Sobre a PEC 287, ele vê uma “lógica fiscal, no sentido de conter
gastos”, mas afirma que é preciso considerar outros aspectos, inclusive
em termos de manutenção da formalidade, para que isso não represente
perdas – inclusive fiscais – no futuro. “Isso requer uma decisão da sociedade”,
observa o diretor da OIT. Ele considera a Convenção 102 da OIT,
ratificada pelo Brasil, “uma boa âncora para o debate” – essa norma
trata de critérios básicos para regimes de seguridade social, em relação
a contribuições, pagamentos e governança.

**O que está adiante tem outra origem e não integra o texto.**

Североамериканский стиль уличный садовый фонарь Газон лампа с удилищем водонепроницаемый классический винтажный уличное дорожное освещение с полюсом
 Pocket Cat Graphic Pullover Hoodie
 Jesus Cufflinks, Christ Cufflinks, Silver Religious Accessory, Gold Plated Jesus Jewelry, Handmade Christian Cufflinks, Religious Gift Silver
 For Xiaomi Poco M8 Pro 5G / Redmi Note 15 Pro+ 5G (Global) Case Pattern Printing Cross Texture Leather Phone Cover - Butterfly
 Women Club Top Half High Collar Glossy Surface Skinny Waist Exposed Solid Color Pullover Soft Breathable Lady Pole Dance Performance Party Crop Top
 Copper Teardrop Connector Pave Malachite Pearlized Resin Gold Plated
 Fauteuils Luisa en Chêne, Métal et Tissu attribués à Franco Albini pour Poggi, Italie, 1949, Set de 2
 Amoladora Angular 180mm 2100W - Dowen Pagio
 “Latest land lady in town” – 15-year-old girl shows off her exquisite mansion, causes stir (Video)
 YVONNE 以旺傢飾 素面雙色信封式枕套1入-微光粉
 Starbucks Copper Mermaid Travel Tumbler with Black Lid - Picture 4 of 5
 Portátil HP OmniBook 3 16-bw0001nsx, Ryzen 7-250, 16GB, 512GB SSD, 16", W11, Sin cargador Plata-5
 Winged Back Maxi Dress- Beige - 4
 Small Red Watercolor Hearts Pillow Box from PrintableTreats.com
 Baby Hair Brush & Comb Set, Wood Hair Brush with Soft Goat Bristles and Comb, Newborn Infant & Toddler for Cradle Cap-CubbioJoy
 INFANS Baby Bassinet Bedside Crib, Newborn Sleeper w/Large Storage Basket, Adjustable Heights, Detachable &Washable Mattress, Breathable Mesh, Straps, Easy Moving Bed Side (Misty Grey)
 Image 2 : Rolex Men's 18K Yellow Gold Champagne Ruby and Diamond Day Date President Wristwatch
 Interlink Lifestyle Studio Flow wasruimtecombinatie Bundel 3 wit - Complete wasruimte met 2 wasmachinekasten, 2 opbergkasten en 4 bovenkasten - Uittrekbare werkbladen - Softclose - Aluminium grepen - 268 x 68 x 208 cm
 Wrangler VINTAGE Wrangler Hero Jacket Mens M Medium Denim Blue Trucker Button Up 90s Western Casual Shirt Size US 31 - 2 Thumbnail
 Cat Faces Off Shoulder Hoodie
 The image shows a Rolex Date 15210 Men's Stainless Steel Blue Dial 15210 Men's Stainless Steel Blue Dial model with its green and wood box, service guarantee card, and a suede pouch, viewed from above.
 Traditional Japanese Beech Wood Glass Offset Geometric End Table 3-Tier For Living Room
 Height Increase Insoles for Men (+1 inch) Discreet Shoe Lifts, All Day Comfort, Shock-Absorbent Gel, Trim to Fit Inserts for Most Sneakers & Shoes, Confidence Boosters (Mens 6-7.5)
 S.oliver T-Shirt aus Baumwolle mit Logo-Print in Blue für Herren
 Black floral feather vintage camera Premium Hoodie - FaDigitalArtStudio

Entre os princípios básicos da OIT, está a cobertura universal do
sistema, com base na solidariedade social. Um levantamento da
organização mostra tendência mundial de expansão da cobertura
previdenciária, embora metade dos idosos ainda não receba benefícios. A
maioria dos países têm sistemas públicos. Alguns desistiram da
privatização. Um dos modelos mais conhecidos, o do Chile, é hoje objeto
de questionamento. “Há uma grande discussão sobre o que fazer com o
sistema privado, que se tornou impopular”, diz o especialista da OIT
Fabio Durán.
Está na PEC 287
• Para a concessão da aposentadoria, será preciso ter pelo menos 65
anos de idade e no mínimo 25 anos de contribuição. A aposentadoria por
contribuição será extinta. Atualmente, no regime geral, é necessário ter
65 anos (homens) ou 60 anos (mulheres) e 15 anos de contribuição.
• Está prevista uma regra de transição, para homens com mais de 50
anos e mulheres com mais de 45 anos. Eles teriam de pagar um “pedágio”
equivalente à metade do tempo de contribuição que resta para a
aposentadoria. Se faltam cinco anos, por exemplo, teriam de trabalhar
mais dois anos e meio
• Além do “pedágio”, eles teriam as regras de cálculo para a
aposentadoria já alteradas. Assim, em vez da média de 80% dos maiores
valores de contribuição, esse trabalhador receberia o equivalente a 51%
da média (desde julho de 1994) mais 1% por ano de contribuição. Em um
exemplo mais repetido, teria de trabalhar durante 49 anos seguidos para
conseguir a aposentadoria integral. Em qualquer caso, perde receita.
• Também cairiam os valores dos benefícios, tanto para servidor
vinculado ao RPPS (regime próprio) como para o segurado do RGPS (regime
geral). A PEC desvincula benefícios do salário mínimo. Segundo o Dieese,
as pensões concedidas com valor de um mínimo correspondiam, em 2015, a
55% do total e por 36% do montante pago.
• O Dieese dá exemplos de uma professora da educação básica e de uma
trabalhadora rural com 44 anos de idade na data de promulgação da emenda
constitucional (caso a PEC seja aprovada). Nesse caso, elas não serão
contempladas pela regra de transição e terão de trabalhar 10 anos a
mais: em vez de 11, 21 anos. A proposta suprime diferenças entre homens e
mulheres nos critérios de idade e tempo de contribuição.